Opened 5 years ago

Last modified 4 years ago

#31304 new New feature

PostgreSQL full-text search employs coalesce function for non-null single-column searches with SearchVector

Reported by: Paul Boddie Owned by: nobody
Component: Database layer (models, ORM) Version: dev
Severity: Normal Keywords: PostgreSQL text search FTS coalesce SearchVector
Cc: Paul Boddie, Simon Charette Triage Stage: Accepted
Has patch: no Needs documentation: no
Needs tests: no Patch needs improvement: no
Easy pickings: no UI/UX: no

Description

When following the PostgreSQL full-text search documentation for Django (https://docs.djangoproject.com/en/2.2/ref/contrib/postgres/search/), the search lookup...

Table.objects.filter(column__search="keyword")

...produces SQL of the following form:

to_tsvector(column) @@ plainto_tsquery('keyword')

However, the PostgreSQL documentation notes that such expressions will be unable to take advantage of indexes created on the column:

"Only text search functions that specify a configuration name can be used in expression indexes [...] Because the two-argument version of to_tsvector was used in the index above, only a query reference that uses the 2-argument version of to_tsvector with the same configuration name will use that index."

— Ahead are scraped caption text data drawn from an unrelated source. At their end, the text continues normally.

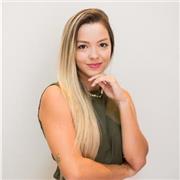 Professora de Direito, com foco em Direito Previdenciário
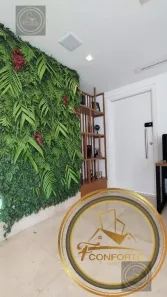 Apartamento com 4 Quartos à venda, 242m² no Chácara Santo Antônio (Zona Leste), São Paulo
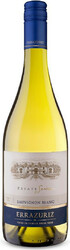 Вино Errazuriz. Estate Sauvignon Blanc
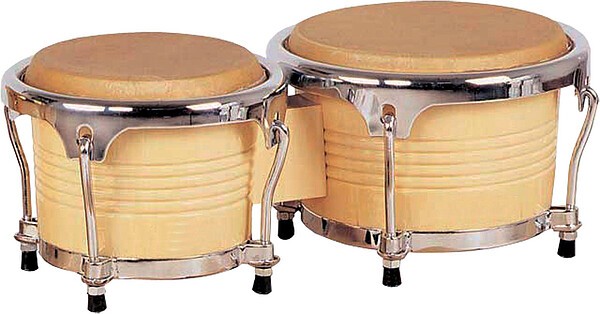 Bongo Scott B-104 natural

https://www.postgresql.org/docs/11/textsearch-tables.html

Introducing a SearchQuery object employing the config parameter...

Table.objects.filter(column__search=SearchQuery("keyword", config="simple"))

...produces SQL of the following form:

to_tsvector(column) @@ plainto_tsquery('simple', 'keyword')

The Django documentation suggests using an annotation employing a SearchVector as follows:

Table.objects.annotate(search=SearchVector("column", config="simple")).filter(search=SearchQuery("keyword", config="simple"))

The resulting SQL generated by Django is then as follows:

to_tsvector('simple', coalesce(column, '')) @@ plainto_tsquery('simple', 'keyword')

Unfortunately, the use of coalesce now blocks any application of an index on the column.

What seems to be possible, however, is to modify the SQL generation to avoid using coalesce where it can be determined that the operand given to to_tsvector will not yield a null value. This should produce the following more desirable SQL:

to_tsvector('simple', column) @@ plainto_tsquery('simple', 'keyword')

A patch is provided as a suggestion of how this issue might be fixed.

Attachments (1)

patch-django-2.2.9-postgres-search.diff (1.2 KB ) - added by Paul Boddie 5 years ago.

Download all attachments as: .zip

Change History (15)

by Paul Boddie, 5 years ago

comment:1 by Paul Boddie, 5 years ago

Cc: Paul Boddie added
Component: UncategorizedDatabase layer (models, ORM)

comment:2 by Simon Charette, 5 years ago

Hey Paul,

Unfortunately, the use of coalesce now blocks any application of an index on the column.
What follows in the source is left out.